A good sequel takes the world introduced by the first movie and expands on it with new characters and locations. A great sequel does all that while carving out its own thematic territory as it simultaneously retains all the elements that made the original film successful in the first place.
A great sequel feels fresh and familiar all at the same time, which is why “How to Train Your Dragon 2” is a great sequel.
Coming along four years after the fantastic “How to Train Your Dragon” (what seems to be an eternity these days in the Hollywood franchise-building machine) “HTTYD2” takes us back to the Viking village of Berk and the unlikely friendship between a boy and his dragon.
The first “HTTYD” was all about dragons and humans going from adversaries to allies by working through some flame-broiled misunderstandings. This time around, we return to find dragons fully integrated into village life, essentially as oversized pets.
Hiccup (Jay Baruchel), with a little help from his sleek, black dragon Toothless, has officially made the full transition from pariah to hero to the point his father Stoick (Gerard Butler) is grooming him to become the next chief of the village.
But Hiccup is set on exploring the wider world and not interested in a leadership position. What he doesn’t realize is his exploration will lead to all kinds of unintended consequences.

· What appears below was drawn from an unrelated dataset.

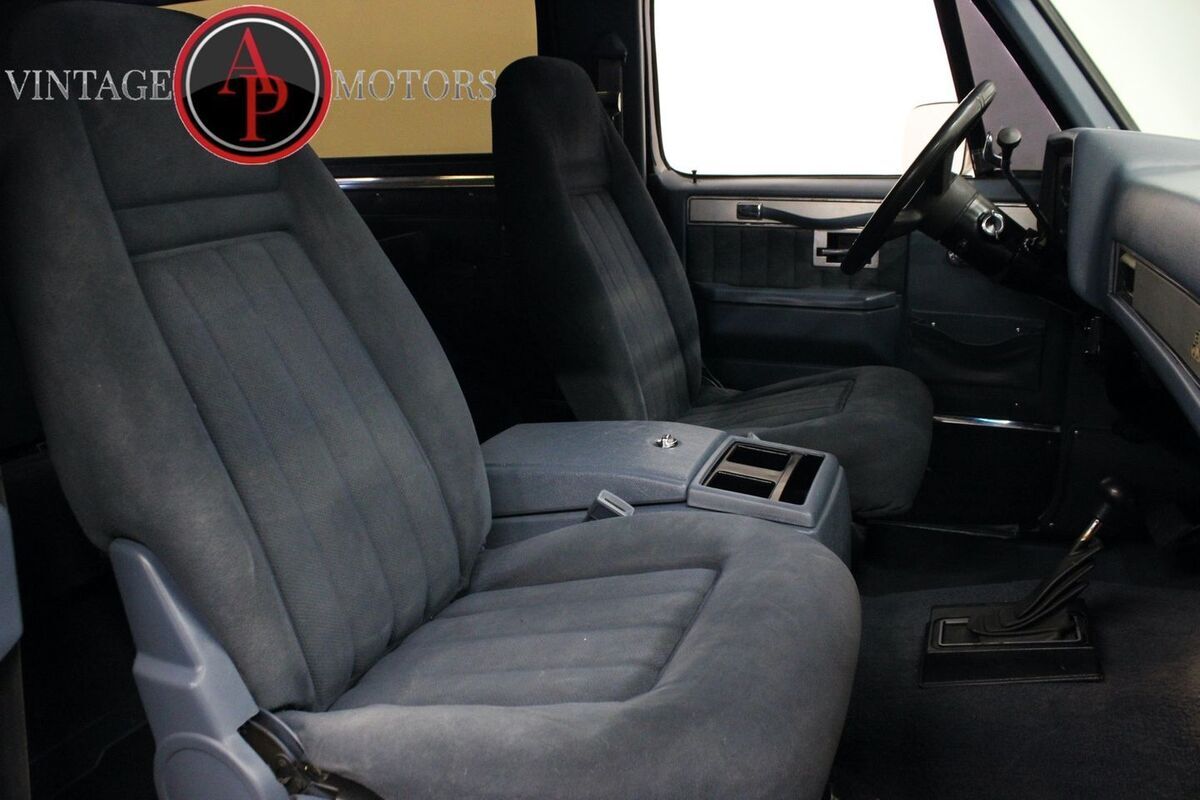 1987 GMC Jimmy Restored 4x4 Crate 350 V8 - photo 5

On the upside, Hiccup is reunited with his long-lost mother (Cate Blanchette), while on the downside, he runs into other humans who don’t share his dragon-friendly worldview, like dragon-trapper Eret (Kit Harrington) and his big, bad boss Drago (Djimon Hounsou). And, of course, there are lots and lots of new dragons to meet along the way.
Standing at the ready is Hiccup’s rough and tumble posse voiced by the likes of Jonah Hill, Craig Ferguson, Kristen Wiig, and America Ferrera.

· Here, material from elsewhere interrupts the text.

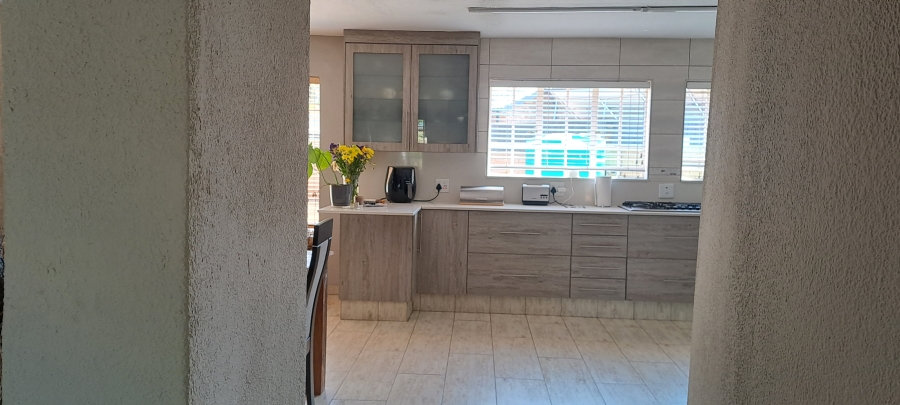 4 Bedroom Property for Sale in Kenleaf Gauteng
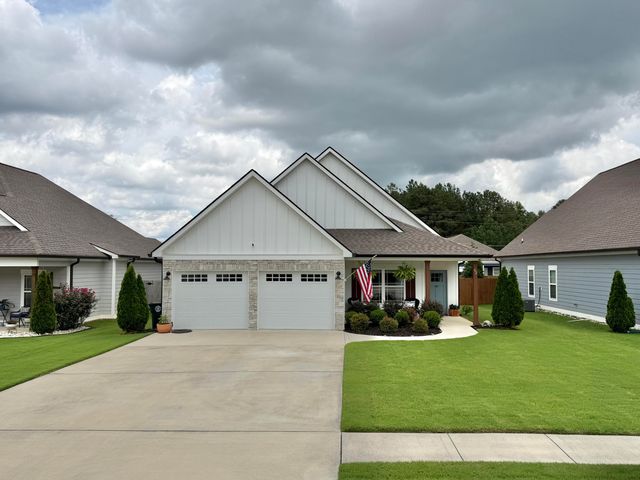 92 Country Cove Drive, Rossville, GA 30741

While “HTTYD2” boasts plenty of laughs and dragon adorableness (it’s a good thing dragons aren’t real or every kid in America would be demanding his own Toothless), it’s not afraid to steer into some deeper waters where most family entertainment wouldn’t have the guts to tread.
The movie allows space for some legitimate emotional beats and conflicts that don’t have simplistic resolutions. This sounds like basic stuff, but it’s enough to make a Transformer’s head explode.

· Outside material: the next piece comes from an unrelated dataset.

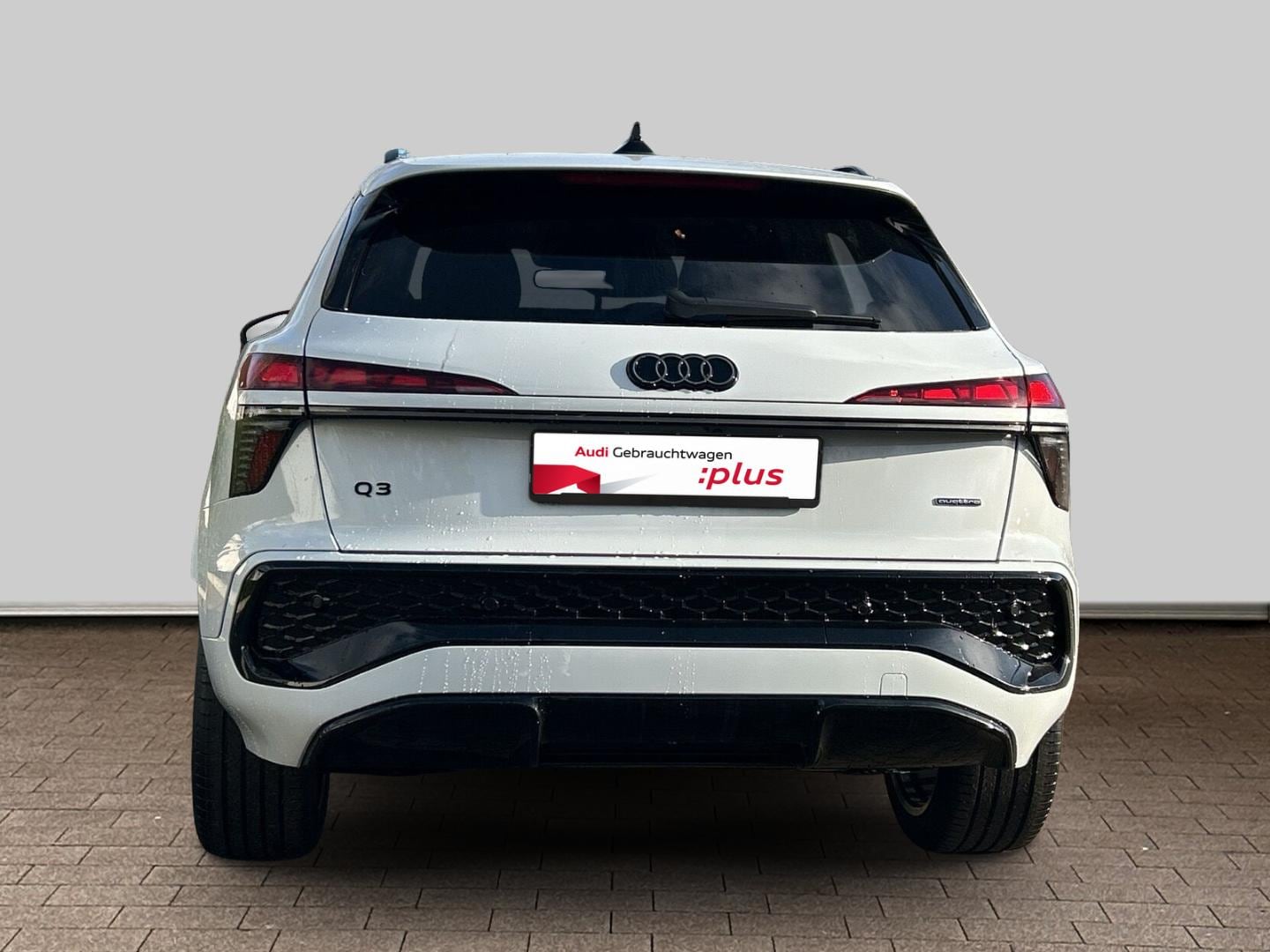 Bild über Audi Q3 SUV TFSI quattro 195 kW S tronic - für weitere Informationen kontaktieren Sie den Audi Partner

Writer/director Dean DeBlois (freed from co-writer/director status the first time around) hits all the right buttons to keep the movie engaging and entertaining from beginning to end. He also has some pretty stunning animation to work with as this is one of the few movies worth paying a little extra to see in 3D as soaring through the clouds and braving massive battles becomes all that more impressive.
So many times it is easy to see sequels as a cynical cash-grab simply capitalizing on the success of the first film, but “HTTYD2” is a movie that has its own story to tell, and while it will surely rake in big bucks at the box office, it has legitimate creative reasons to exist as well.
It’s probably too much to hope this trend will continue for the inevitable “How to Train Your Dragon 3,” but let’s not worry about that now. For now, let’s just climb back into the saddle with Hiccup, fly above the clouds, and enjoy the ride.
“How to Train Your Dragon 2” is rated PG for adventure action and some mild rude humor.